**Your task:** Filter the records below for the word "Long". Keep each line that has it.

**Material provided:**
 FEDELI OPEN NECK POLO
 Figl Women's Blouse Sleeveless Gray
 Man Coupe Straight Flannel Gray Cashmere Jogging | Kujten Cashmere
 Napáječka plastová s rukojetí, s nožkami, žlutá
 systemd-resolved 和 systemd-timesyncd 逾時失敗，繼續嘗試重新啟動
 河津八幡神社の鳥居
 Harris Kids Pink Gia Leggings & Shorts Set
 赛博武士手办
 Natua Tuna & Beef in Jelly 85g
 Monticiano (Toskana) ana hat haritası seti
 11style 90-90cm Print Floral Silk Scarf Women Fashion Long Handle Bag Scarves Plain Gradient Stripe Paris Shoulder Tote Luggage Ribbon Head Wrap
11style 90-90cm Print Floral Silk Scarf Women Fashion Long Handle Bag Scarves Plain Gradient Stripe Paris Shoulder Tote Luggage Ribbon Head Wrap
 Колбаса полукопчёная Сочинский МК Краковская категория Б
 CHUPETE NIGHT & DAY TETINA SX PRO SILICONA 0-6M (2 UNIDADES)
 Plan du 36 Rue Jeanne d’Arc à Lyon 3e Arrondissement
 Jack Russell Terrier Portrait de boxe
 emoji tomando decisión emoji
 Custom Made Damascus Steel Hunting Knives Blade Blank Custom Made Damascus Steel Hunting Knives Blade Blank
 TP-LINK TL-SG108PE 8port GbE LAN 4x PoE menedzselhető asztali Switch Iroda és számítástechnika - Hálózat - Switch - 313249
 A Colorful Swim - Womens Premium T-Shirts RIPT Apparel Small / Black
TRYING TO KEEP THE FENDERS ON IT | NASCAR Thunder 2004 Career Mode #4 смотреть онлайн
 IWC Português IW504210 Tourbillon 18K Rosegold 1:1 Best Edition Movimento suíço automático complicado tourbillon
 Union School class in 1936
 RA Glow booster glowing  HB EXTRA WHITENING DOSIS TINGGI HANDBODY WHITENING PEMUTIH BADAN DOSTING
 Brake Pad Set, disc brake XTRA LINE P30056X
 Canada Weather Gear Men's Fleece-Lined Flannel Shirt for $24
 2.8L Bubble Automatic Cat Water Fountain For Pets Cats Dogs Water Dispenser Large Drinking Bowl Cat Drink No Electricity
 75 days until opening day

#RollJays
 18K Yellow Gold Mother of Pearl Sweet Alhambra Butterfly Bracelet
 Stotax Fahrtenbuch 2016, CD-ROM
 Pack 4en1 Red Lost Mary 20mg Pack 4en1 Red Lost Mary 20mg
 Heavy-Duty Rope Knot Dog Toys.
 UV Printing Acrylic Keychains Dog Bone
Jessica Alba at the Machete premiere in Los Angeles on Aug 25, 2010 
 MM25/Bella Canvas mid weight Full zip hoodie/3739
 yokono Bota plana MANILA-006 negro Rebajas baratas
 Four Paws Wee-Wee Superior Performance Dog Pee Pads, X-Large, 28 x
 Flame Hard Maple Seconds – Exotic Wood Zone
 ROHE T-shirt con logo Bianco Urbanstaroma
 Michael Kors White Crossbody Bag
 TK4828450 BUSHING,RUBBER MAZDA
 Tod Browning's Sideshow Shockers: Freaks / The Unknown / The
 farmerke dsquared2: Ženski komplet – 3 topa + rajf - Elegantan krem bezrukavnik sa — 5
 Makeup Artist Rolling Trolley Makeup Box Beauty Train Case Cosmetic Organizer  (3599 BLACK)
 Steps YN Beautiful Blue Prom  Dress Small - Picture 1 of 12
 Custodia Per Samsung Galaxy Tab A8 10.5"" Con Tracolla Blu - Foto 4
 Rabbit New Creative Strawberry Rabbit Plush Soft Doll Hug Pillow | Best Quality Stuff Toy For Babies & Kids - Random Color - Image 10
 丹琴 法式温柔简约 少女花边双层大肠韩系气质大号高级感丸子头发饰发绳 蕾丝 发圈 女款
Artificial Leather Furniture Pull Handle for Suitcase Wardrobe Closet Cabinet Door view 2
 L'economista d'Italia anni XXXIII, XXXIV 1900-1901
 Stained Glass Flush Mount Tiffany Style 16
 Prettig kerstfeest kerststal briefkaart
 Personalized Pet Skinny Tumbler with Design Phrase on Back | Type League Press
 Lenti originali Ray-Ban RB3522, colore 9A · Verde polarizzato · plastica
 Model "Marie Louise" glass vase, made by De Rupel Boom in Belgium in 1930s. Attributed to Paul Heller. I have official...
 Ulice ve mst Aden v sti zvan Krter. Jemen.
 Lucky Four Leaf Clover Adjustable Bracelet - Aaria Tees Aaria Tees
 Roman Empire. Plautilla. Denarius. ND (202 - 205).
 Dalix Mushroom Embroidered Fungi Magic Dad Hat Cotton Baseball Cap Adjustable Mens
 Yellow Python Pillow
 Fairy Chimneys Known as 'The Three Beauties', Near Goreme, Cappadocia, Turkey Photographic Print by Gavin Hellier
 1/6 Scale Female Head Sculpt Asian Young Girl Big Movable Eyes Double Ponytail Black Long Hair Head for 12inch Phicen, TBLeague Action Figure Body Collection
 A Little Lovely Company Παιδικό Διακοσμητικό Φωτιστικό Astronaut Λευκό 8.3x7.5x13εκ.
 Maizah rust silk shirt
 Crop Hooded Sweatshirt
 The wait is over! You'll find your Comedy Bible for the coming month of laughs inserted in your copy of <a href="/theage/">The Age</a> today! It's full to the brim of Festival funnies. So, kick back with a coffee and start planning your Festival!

**Written reply:**
 11style 90-90cm Print Floral Silk Scarf Women Fashion Long Handle Bag Scarves Plain Gradient Stripe Paris Shoulder Tote Luggage Ribbon Head Wrap
11style 90-90cm Print Floral Silk Scarf Women Fashion Long Handle Bag Scarves Plain Gradient Stripe Paris Shoulder Tote Luggage Ribbon Head Wrap
 1/6 Scale Female Head Sculpt Asian Young Girl Big Movable Eyes Double Ponytail Black Long Hair Head for 12inch Phicen, TBLeague Action Figure Body Collection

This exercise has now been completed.